Shareholders are set to quiz BHP at its Australian annual meeting on Thursday on its plans for the $20 billion plus cash it churns out a year, with debt of just $5.6 billion and a hoard of Australian tax credits available.

They've got a huge surplus of franking credits and they've got very low gearing, so capital management's got to be an issue, said Warwick Cumming, deputy head of equities at Tyndall Investment Management, which owns BHP shares.

BHP's comments that it wants to expand in iron ore, coking coal, copper, petroleum and potash have also set tongues wagging.

Could it be lining up another takeover bid for Rio Tinto?

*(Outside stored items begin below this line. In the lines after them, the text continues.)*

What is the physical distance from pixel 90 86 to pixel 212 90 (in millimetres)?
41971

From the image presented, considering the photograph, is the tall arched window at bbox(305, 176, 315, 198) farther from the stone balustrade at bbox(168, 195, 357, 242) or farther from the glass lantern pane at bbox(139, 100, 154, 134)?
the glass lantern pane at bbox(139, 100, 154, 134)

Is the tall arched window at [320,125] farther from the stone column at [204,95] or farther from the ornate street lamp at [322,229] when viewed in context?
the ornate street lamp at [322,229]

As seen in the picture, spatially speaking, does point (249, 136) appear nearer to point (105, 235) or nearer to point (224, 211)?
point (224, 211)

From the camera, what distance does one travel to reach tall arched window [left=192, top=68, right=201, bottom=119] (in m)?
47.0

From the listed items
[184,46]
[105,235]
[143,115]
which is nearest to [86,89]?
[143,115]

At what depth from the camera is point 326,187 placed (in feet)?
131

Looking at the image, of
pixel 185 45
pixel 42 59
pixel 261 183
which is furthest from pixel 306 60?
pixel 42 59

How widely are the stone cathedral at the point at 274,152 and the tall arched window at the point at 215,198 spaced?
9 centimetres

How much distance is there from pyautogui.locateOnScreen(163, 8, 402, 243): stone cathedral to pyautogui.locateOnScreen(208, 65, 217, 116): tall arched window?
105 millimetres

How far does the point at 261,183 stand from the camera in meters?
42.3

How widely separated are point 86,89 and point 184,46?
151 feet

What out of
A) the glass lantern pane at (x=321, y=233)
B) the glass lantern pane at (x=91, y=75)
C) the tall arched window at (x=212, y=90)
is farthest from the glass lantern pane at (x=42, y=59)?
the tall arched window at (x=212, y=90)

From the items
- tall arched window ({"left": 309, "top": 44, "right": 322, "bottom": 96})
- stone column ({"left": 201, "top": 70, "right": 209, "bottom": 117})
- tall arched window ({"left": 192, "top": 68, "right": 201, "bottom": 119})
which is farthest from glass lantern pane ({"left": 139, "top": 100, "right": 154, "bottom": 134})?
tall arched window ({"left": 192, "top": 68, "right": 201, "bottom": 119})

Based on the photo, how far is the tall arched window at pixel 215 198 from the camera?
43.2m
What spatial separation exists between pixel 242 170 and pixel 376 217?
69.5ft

Is it going to team up with Royal Dutch Shell to buy Woodside Petroleum? Is it going to make a bid for Potash Corp of Saskatchewan?

So far, BHP seems to be focused on sealing a $116 billion iron ore production joint venture with Rio Tinto. The world's No.2 and 3 iron producers have said they are on track to sign a binding agreement by December 5.

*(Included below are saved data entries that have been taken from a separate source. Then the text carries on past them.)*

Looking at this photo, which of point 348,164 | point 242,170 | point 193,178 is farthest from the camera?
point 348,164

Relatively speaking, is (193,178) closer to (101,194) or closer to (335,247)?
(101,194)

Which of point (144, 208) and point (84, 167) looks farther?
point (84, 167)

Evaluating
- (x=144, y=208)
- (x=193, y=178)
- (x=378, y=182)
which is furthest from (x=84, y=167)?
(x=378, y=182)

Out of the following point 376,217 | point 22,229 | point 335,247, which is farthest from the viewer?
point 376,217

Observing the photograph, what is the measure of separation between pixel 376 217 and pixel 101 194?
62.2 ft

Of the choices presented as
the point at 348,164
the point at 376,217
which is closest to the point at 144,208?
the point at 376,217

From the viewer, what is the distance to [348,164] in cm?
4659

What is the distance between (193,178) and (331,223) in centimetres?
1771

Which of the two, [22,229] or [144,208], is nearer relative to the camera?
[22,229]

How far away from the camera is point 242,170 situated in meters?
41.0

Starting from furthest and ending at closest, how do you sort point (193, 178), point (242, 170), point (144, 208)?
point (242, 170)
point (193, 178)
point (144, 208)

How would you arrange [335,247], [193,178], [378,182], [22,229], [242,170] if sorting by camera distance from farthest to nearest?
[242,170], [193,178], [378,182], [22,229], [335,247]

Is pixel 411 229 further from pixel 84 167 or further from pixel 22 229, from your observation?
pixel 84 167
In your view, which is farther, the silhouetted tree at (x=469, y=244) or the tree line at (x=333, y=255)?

Under a deal agreed in June, BHP committed to pay Rio $5.8 billion to obtain an equal stake in the joint venture.


Rio could ask BHP to pay more, now that Rio is less desperate after slashing debt with a $15 billion rights issue and $5.2 billion in asset sales, and in light of the recovery in the iron ore market since the plan was announced in June.

The deal was a product of a different time ... The need to offer up the synergy benefits to BHP may no longer be there, said Matt Williams, head of Australian equities at Perpetual Investments.

Investors said they would not expect BHP to baulk at paying a bit more if it means it will secure more than $10 billion in savings from putting the two operations together.

BHP also plans to spend $10 billion on exploration and development projects in the year to June 2010.

Beyond that, the company could afford to return tens of billions of dollars to shareholders, staggered over a few years, said Shawn Burns, a portfolio manager at Integrity Investment Management.

If BHP's view is cautious about growth in the short- to medium term, I wouldn't be surprised if BHP embarks on a buyback, said Rob Craigie, an analyst at broker FW Holst.

The company has previously returned $12.7 billion through share buybacks.

But no buyback or any new acquisition is likely before it is known whether the Rio joint venture will actually go ahead.

The biggest hurdle is Europe's competition regulators, who did not like BHP's proposed takeover of Rio last year. A decision by regulators might take months.

I think shareholders are pretty broadly in favor of it, said Tim Schroeders, a portfolio manager at Pengana Capital, which owns shares in both BHP and Rio. It's more a question of winning regulatory approval, and to that end regulators appear to be a law unto themselves.

Investors and analysts said talk that Rio might be getting cold feet about the iron ore venture did not fit with comments from CEO Tom Albanese at recent investor briefings.

He said this is a must-do deal, said Ken West, a partner at Perennial Growth, which owns both BHP and Rio shares.